Victor Grandia

Personal information
- Full name: Victor D Grandia
- Born: 10 January 1979 (age 47) Amsterdam, Netherlands
- Batting: Right-handed
- Bowling: Right-arm medium

International information
- National side: Netherlands (2002);
- Only ODI (cap 16): 16 September 2002 v Sri Lanka

Career statistics
| Competition | ODI |
| Matches | 1 |
| Runs scored | 0 |
| Batting average | 0.00 |
| 100s/50s | 0/0 |
| Top score | 0 |
| Balls bowled | 30 |
| Wickets | 1 |
| Bowling average | 40.00 |
| 5 wickets in innings | 0 |
| 10 wickets in match | 0 |
| Best bowling | 1/40 |
| Catches/stumpings | 0/– |
- Source: Cricinfo, 19 May 2017

= Victor Grandia =

Dutch cricketer (born 1979)

Victor Grandia (born January 10, 1979, in Amsterdam, North Holland) is a Dutch former cricketer.

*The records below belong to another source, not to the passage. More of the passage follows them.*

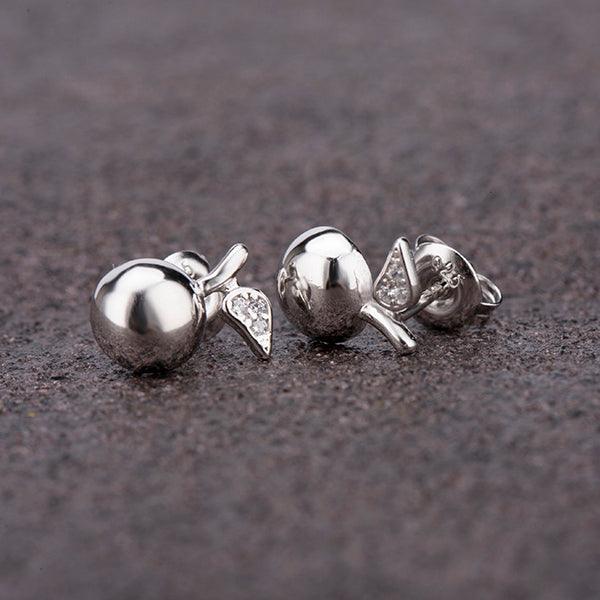 Cherry Berry Small Simple Stud Earrings- 925 Silver - palmonas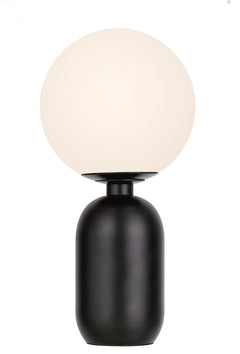 TFS TABLE LAMP 25wE14max D:200 H:400 cable2.0 line swt BLACK/OPAL MATT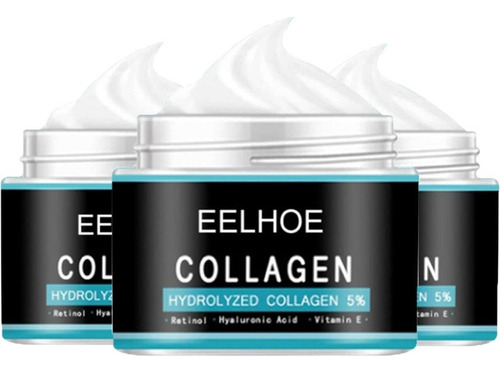 Kit 3 Creme Anti-envelhecimento Para Homens Com Colágeno Vit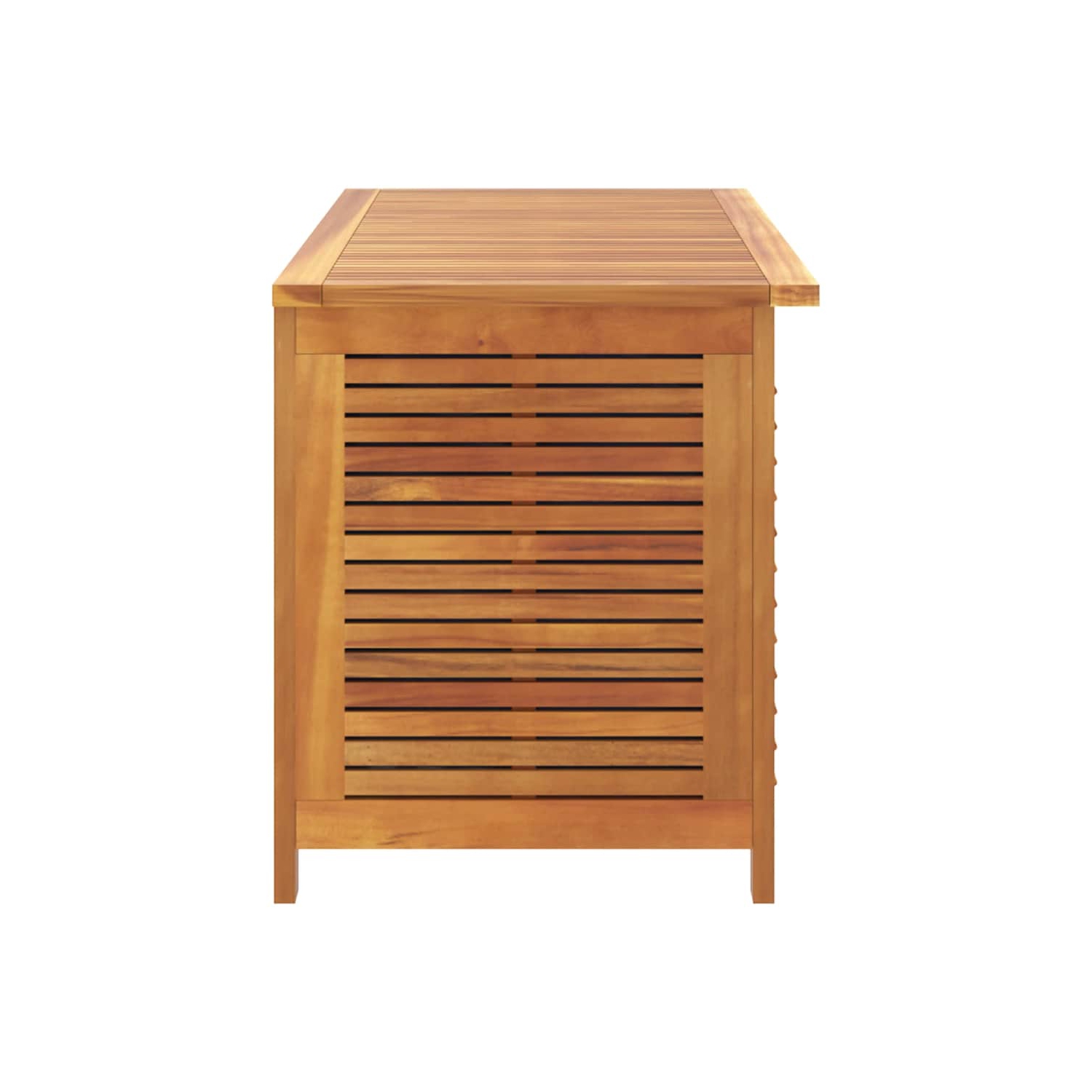 vidaXL Garden Storage Box with Louver 113x50x56 cm Solid Wood Acacia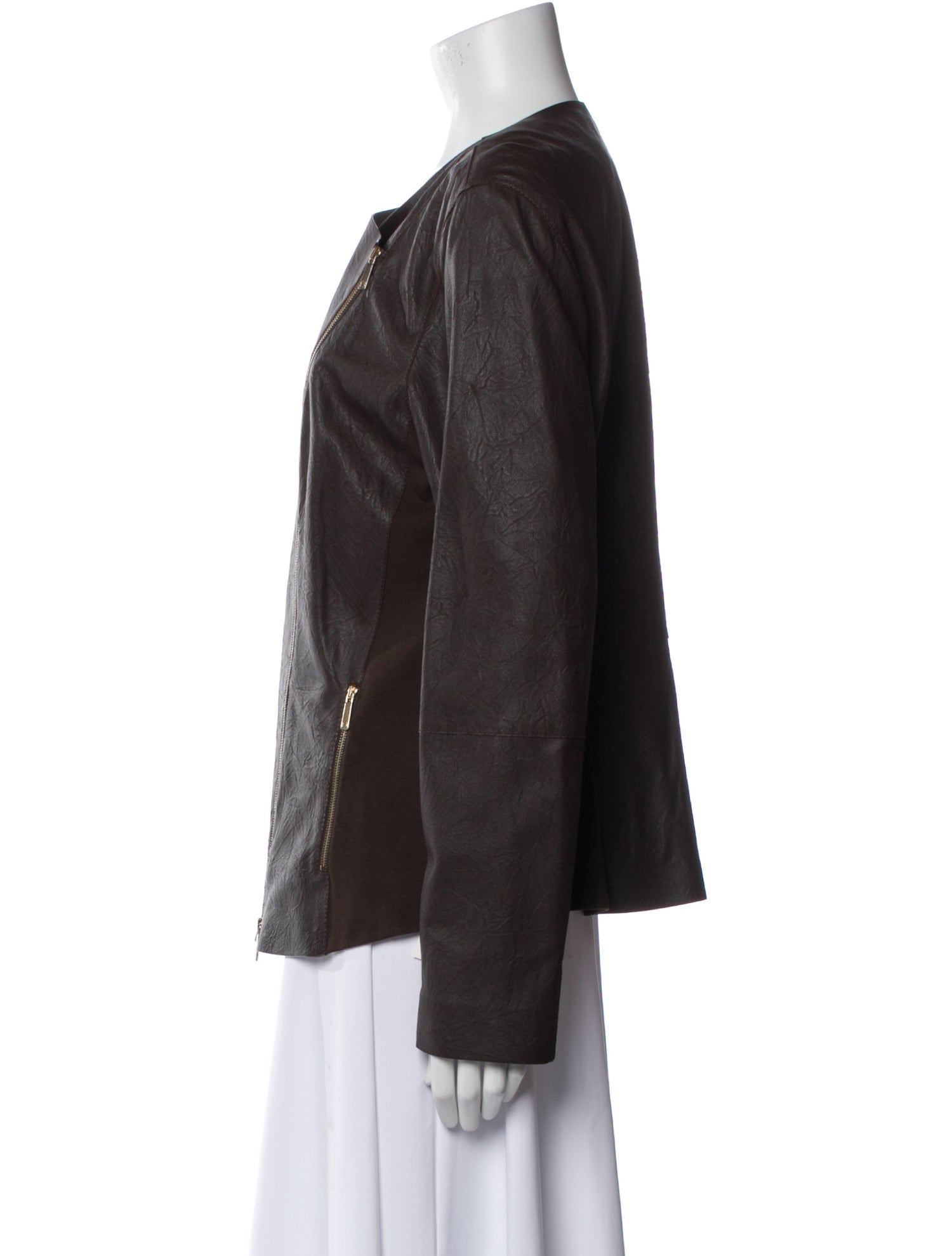 Lafayette 148 Leather Biker Jacket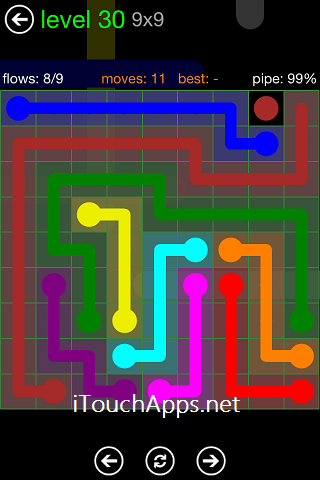 Flow Green Pack 9 x 9 Level 30 Solution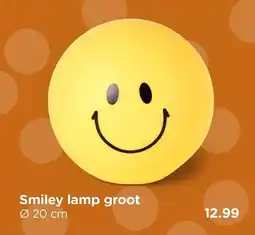 Xenos Smiley lamp groot aanbieding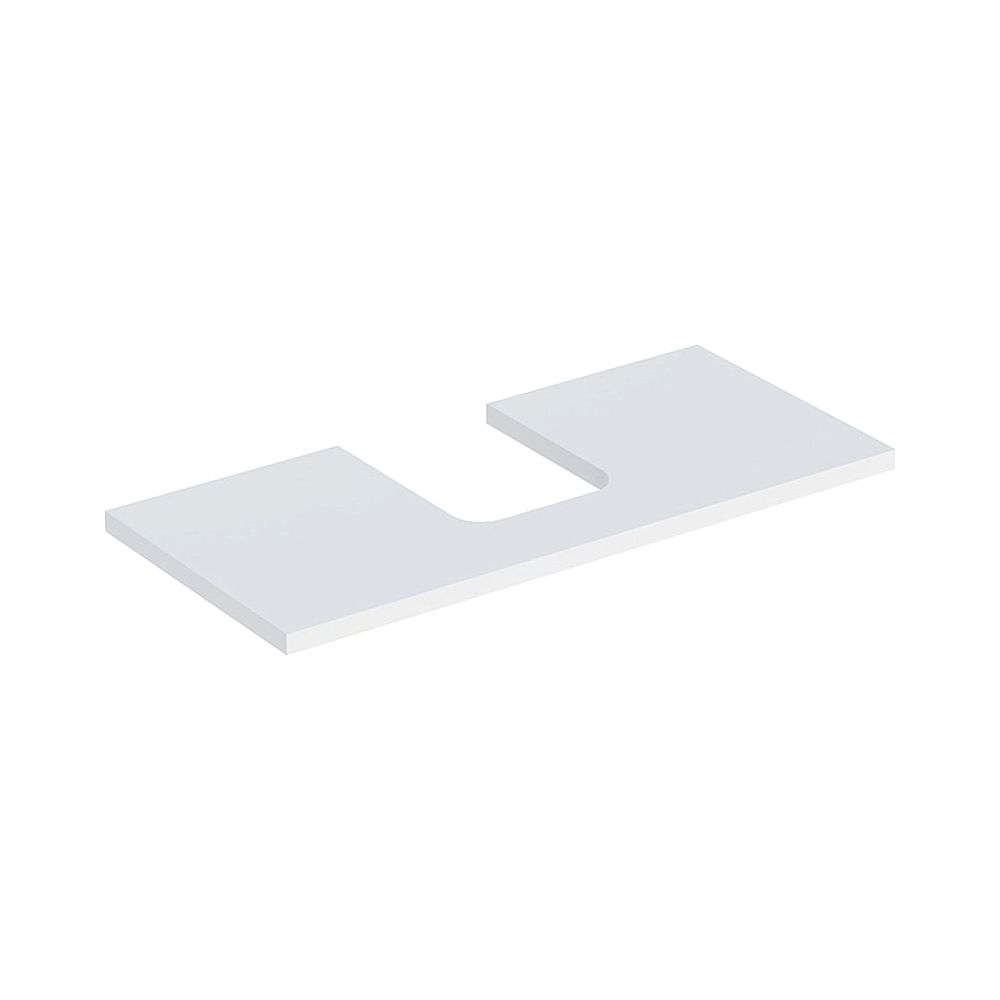 Geberit ONE Waschtischplatte Ausschnitt mittig, für Aufsatzwaschtisch Schalenform, 1... GEBERIT-505274002 4025410936417 (Abb. 1)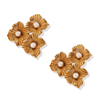 Just for YOU! 18k Gold Vintage Bouquet of Flowers Studs for Valentine's Day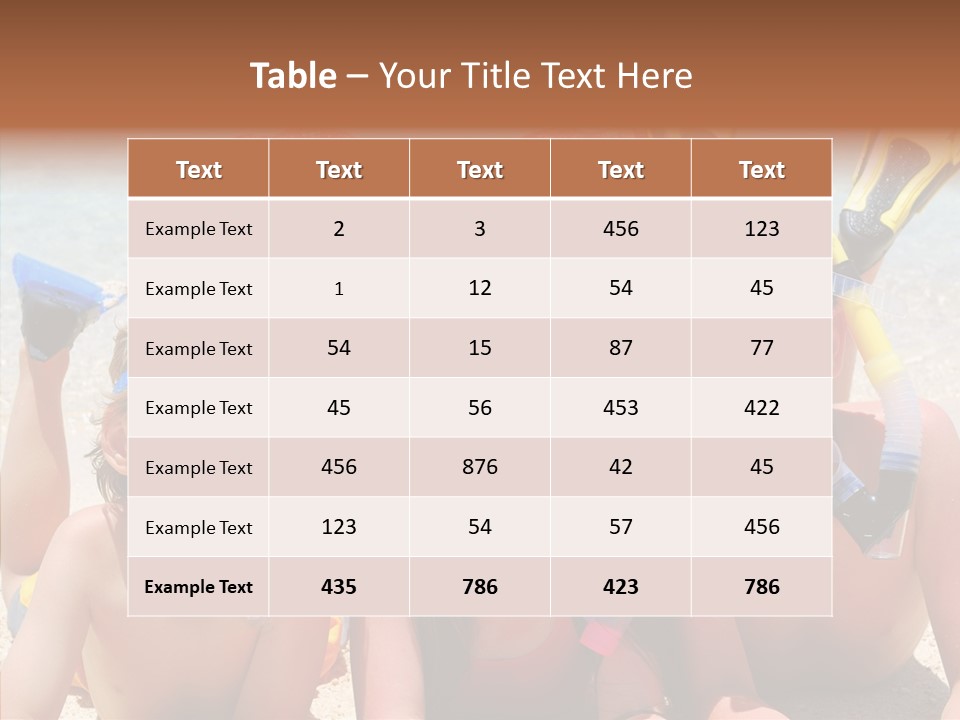 Sister Family Beach PowerPoint Template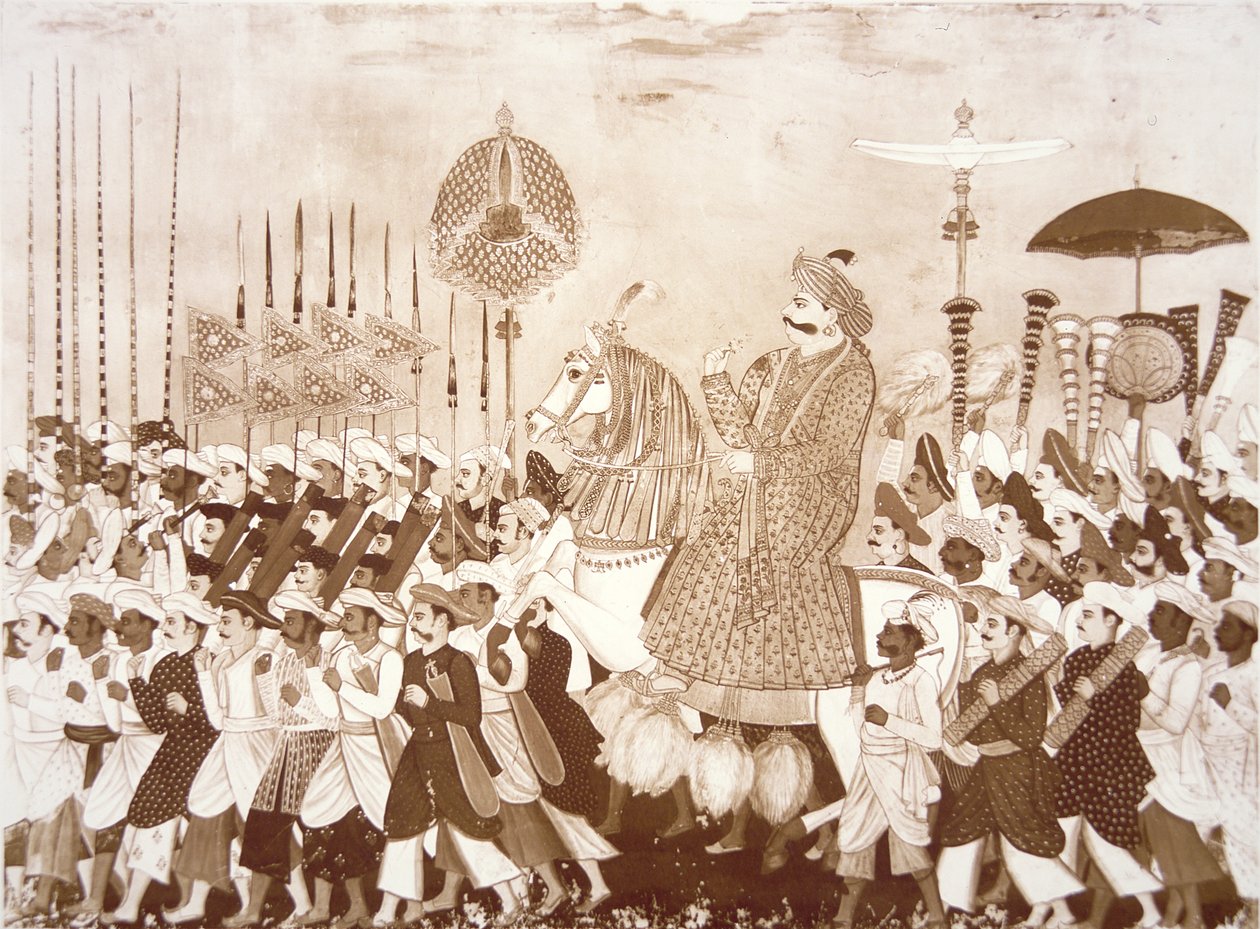 Il capo Mahratta Tulsaji di Tanjore da English School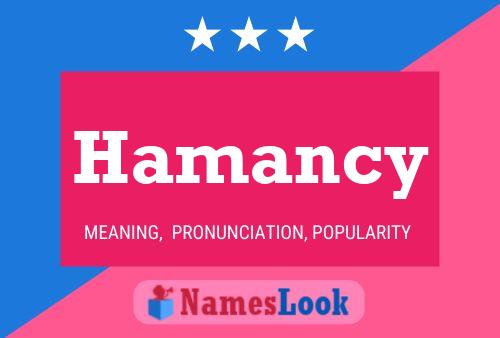 Hamancy Name Poster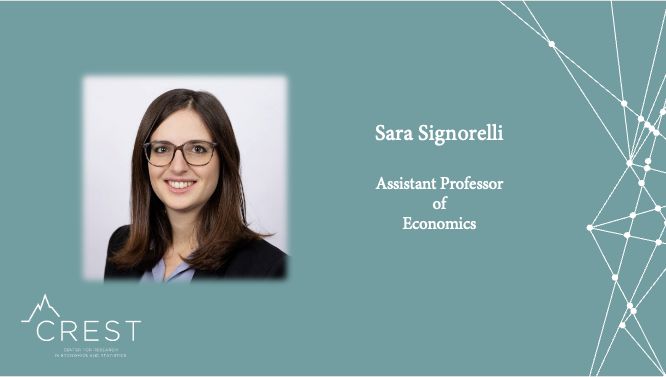CREST (UMR 9194) (@crestumr) on Twitter photo 🎉 Exciting News! 🎉
@SaraSgnr has recently joined CREST and <a href="/Polytechnique/">École polytechnique</a> as Assistant Professor of Economics. We are thrilled to have her as part of our team!
Fields of Research:
Labor Economics, Public Economics, Technological Change, Migration
#NewHire #WelcomeToTheTeam 🎉 Exciting News! 🎉
@SaraSgnr has recently joined CREST and <a href="/Polytechnique/">École polytechnique</a> as Assistant Professor of Economics. We are thrilled to have her as part of our team!
Fields of Research:
Labor Economics, Public Economics, Technological Change, Migration
#NewHire #WelcomeToTheTeam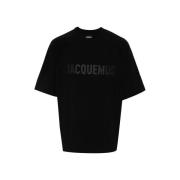 T-shirt Korte Mouw Jacquemus LE T-SHIRT LE TYPO BLACK
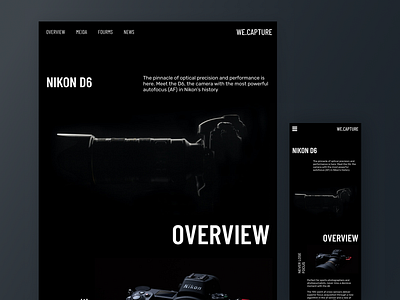 We.Capture | Camera Store brutalism brutalist camera clean dark design minimal minimalism minimalistic neat simple ui ux design we.capture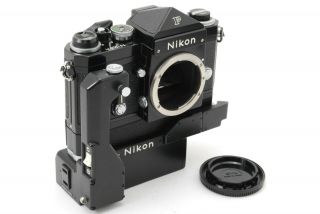 【Mint Rare】Nikon F Eyelevel Black 35mm SLR Film Camera w/ F - 36 Motor Drive - 1366 4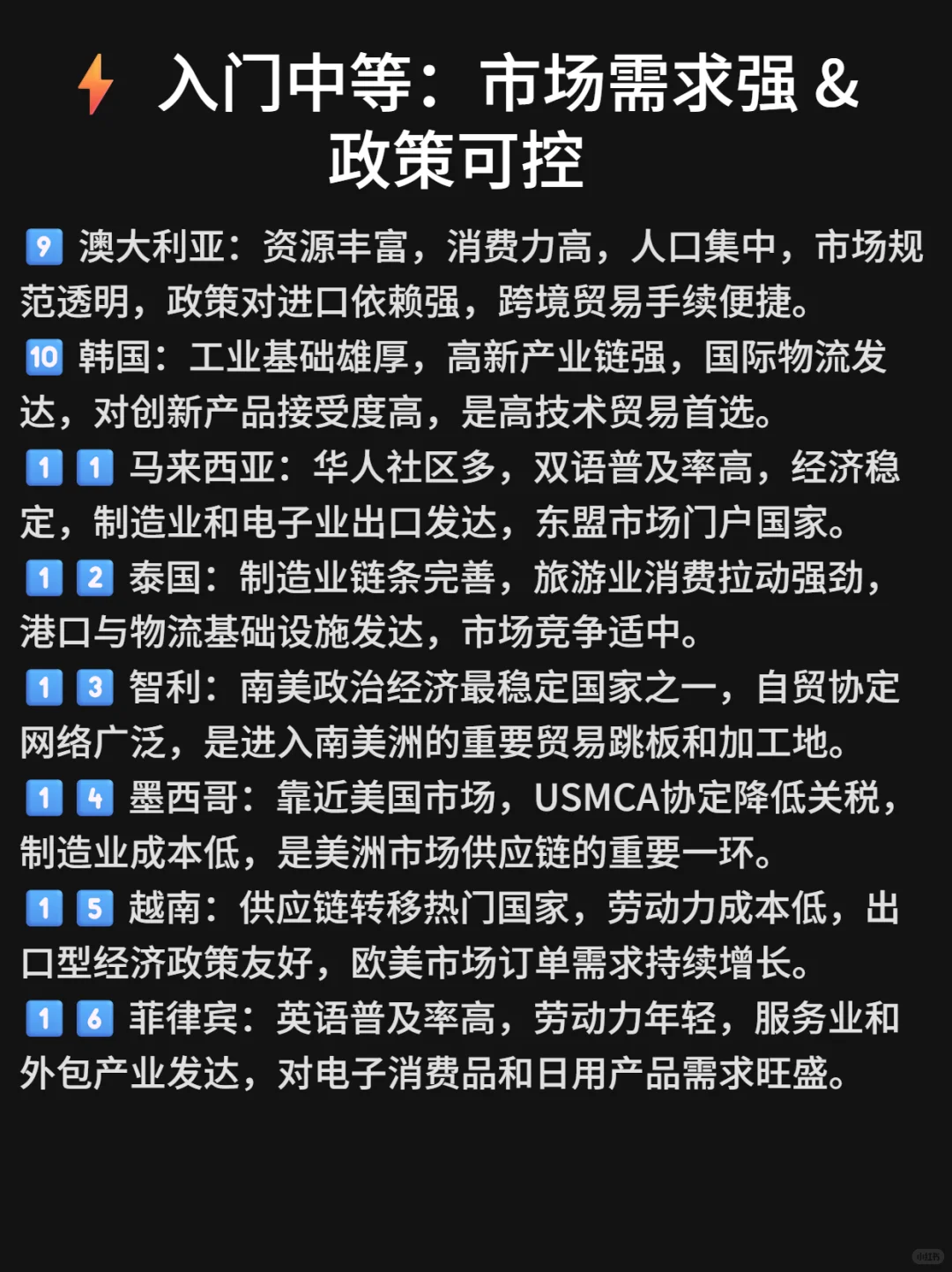 40个外贸市场难度排名！生意该从哪做起？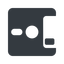 Right, normal, solid, floppy, disk, backup icon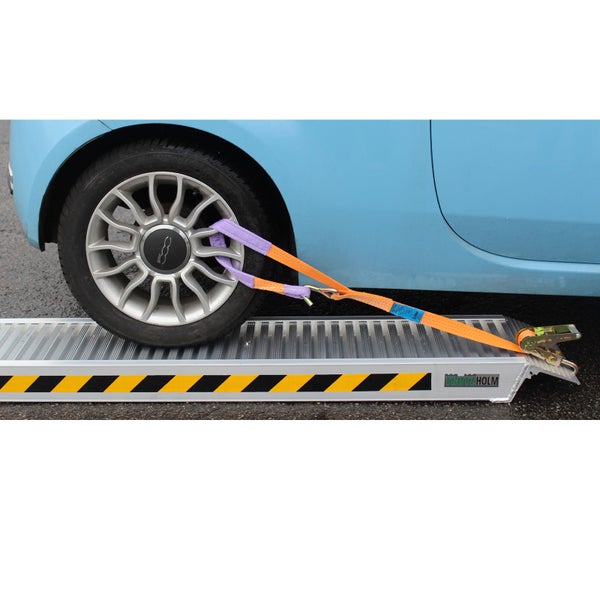 Trutzholm Radsicherungsgurt für Autotransport auf Auffahrschiene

A right-handed batsman and a right-arm medium-fast bowler, he played just one ODI game, against Sri Lanka, taking the wicket of Sanath Jayasuriya.

Grandia was part of the Dutch cricket team at the 2003 Cricket World Cup, having played in List A cricket from 2002. He had previously toured England in 1996 with the Dutch Colts and played in the International Youth Tournament in 1997 in Bermuda.